Culture
Timitar : «Les artistes amazighs ne sont pas des figurants dans un décor de carte postale»
La 13e édition du festival Timitar, Signes et Cultures, s’est clôturée samedi 16 juillet sur un nouveau record d’assistance. Le directeur artistique du festival nous en dresse le bilan.

Etes-vous satisfait de la treizième édition de Timitar?
Très satisfait. Je suis même surpris de l’engouement du public cette année. L’assistance était impressionnante, avec plus de 200 000 personnes au spectacle de clôture, rien que sur la seule scène Place Al Amal. Ils sont venus pour leurs artistes préférés, mais également pour découvrir d’autres genres et musiques du monde. Cela traduit une confiance et une fidélité à l’égard du festival Timitar qui les a habitués au meilleur.
Il régnait une belle ambiance lors du festival Timitar. Quel en est le secret ?
Il est clair qu’avec l’année chargée en drames, un peu partout dans le monde, les gens ont soif de distraction. Mais il faut également traduire cet engouement par une réelle expression de paix, de désir de vivre ensemble et d’appropriation de l’espace public par l’art et la culture. On peut aisément le remarquer sur les différentes scènes du festival. Un public hétéroclite et ouvert à toutes les influences s’y agite joyeusement.
Avec 13 éditions, Timitar est en train de prendre de l’âge. Peut-on en faire le bilan ?
Evidemment, et il est très positif. Il suffit de noter la qualité des artistes qui s’y sont produits depuis le début du festival. Timitar jouit aujourd’hui d’une belle reconnaissance, que ce soit au Maroc ou à l’étranger. Mais la plus grande victoire de Timitar, c’est d’avoir réussi le pari de défolkloriser la musique amazighe. Aujourd’hui plusieurs artistes amazighs travaillent sur des sonorités nouvelles, des rythmes nouveaux, de nouvelles attitudes scéniques, avec intelligence, rigueur et modernité… Tout cela grâce à l’évolution que leur permet le festival. Cela étant dit, préserver les traditions artistiques millénaires est également un pari que Timitar relève par la tenue des shows d’Ahwach, d’Ahidous et de l’héritage des Rwayes. A souligner également la présence féminine, qui est une composante essentielle dans la perpétuation de ces traditions et qui augmente d’année en année.

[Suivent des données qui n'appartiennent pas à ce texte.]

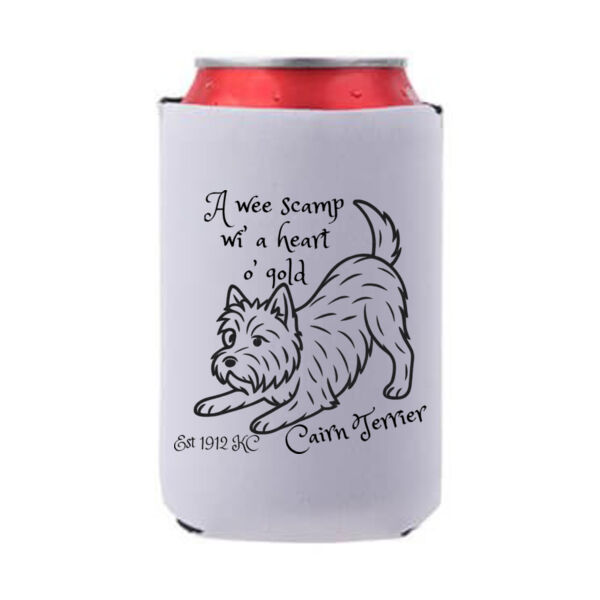 A Heart o’ Gold – Cairn Terrier - Can Cooler Thumbnail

Timitar produit également des projets artistiques, tel que le dernier album d’Inouraz. Mais qu’en est-il des fusions avec les artistes invités d’ailleurs ?

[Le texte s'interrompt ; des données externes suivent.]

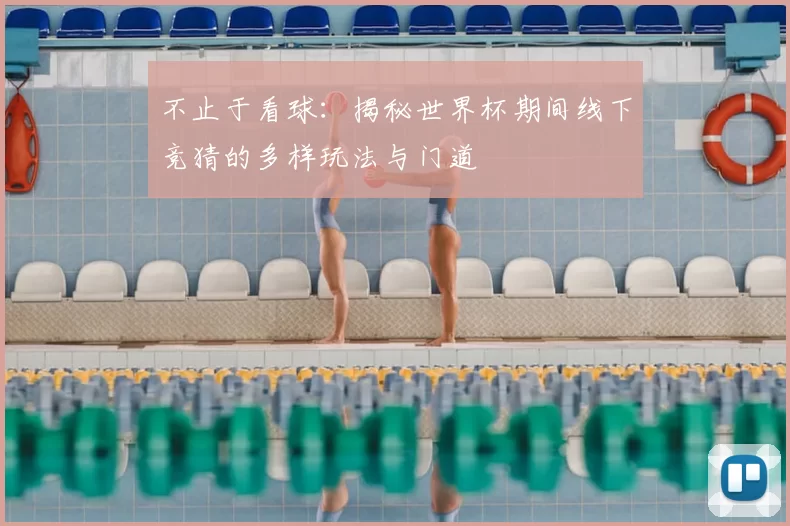 不止于看球：揭秘世界杯期间线下竞猜的多样玩法与门道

Le festival a déjà travaillé sur des projets de fusion. Nous sommes évidemment en mesure de le faire automatiquement. Cela dit, j’ai personnellement un principe de base concernant la fusion: la réciprocité. C’est-à-dire que lorsqu’on reçoit des artistes étrangers en résidence, on exige que les artistes amazighs soient également invités en résidence de l’autre côté. Nos artistes ne sont pas des figurants dans un décor de carte postale. D’un autre côté, il faut que le projet ait des retombées économiques sur les artistes, car il s’agit d’une résidence et non d’une jam session. En exemple aux projets réussis de Timitar, je pense à la résidence de Mehdi Nassouli avec un groupe brésilien, qui a donné l’un des meilleurs albums jazz d’Amérique latine.
D’édition en édition, la vision de Timitar évolue-t-elle ?
Evidemment. Si la philosophie est toujours la même, le contenu, lui, évolue chaque année. Nous tenons compte des échos des artistes locaux. Nous écoutons leurs besoins et entamons un dialogue réel avec eux, afin de recueillir des remarques constructives sur lesquelles nous travaillons avec rigueur.
L’évolution du contenu se fait également en fonction des partenaires économiques, qui sont incontournables pour le développement du festival et de la scène artistique.